ACTIVITY>
Exactly as written, print the lines from the top of the listing through the line containing "Nothing about the"; include no pictures.

COLLECTED MATERIAL>
┄┄┄┄┄┄┄┄┄┄

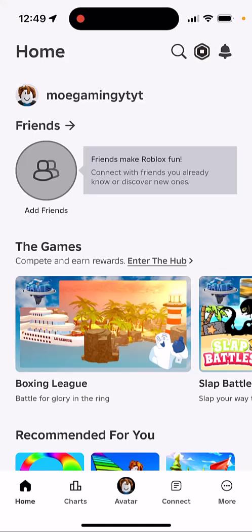Everyone, this is Mo Gaming here. Today I'm going to show you how to enable notifications on Roblox on your iOS or Android device. Basically, turning on notifications is especially useful if you're playing on your phone and you want notifications for when your friends are online or you want to play with them — whatever it may be.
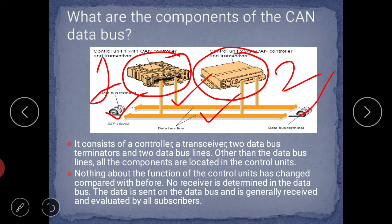Nothing about the function of the control unit has changed compared with before. No specific receiver is determined on the data bus — the data is sent on the data bus and is generally received and evaluated by all the subscribers, meaning all the controllers.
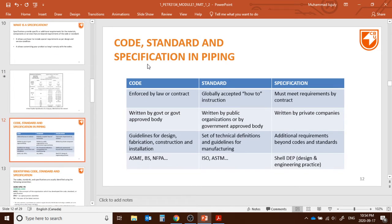What are the differences among code, standard, and specification? In summary: a code is enforced by law or contract; a standard is globally accepted 'how-to' instructions; and specifications are requirements within a contract, not legally applied — just a requirement between two different bodies. A code is written or approved by government parties, whereas standards are written or approved by organizations or government parties.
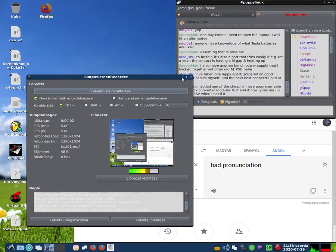Hi guys, I will show you in this video how to work Firefox without APulse.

┄┄┄┄┄┄┄┄┄┄

YOUR SOLUTION>
Everyone, this is Mo Gaming here. Today I'm going to show you how to enable notifications on Roblox on your iOS or Android device. Basically, turning on notifications is especially useful if you're playing on your phone and you want notifications for when your friends are online or you want to play with them — whatever it may be.
Nothing about the function of the control unit has changed compared with before. No specific receiver is determined on the data bus — the data is sent on the data bus and is generally received and evaluated by all the subscribers, meaning all the controllers.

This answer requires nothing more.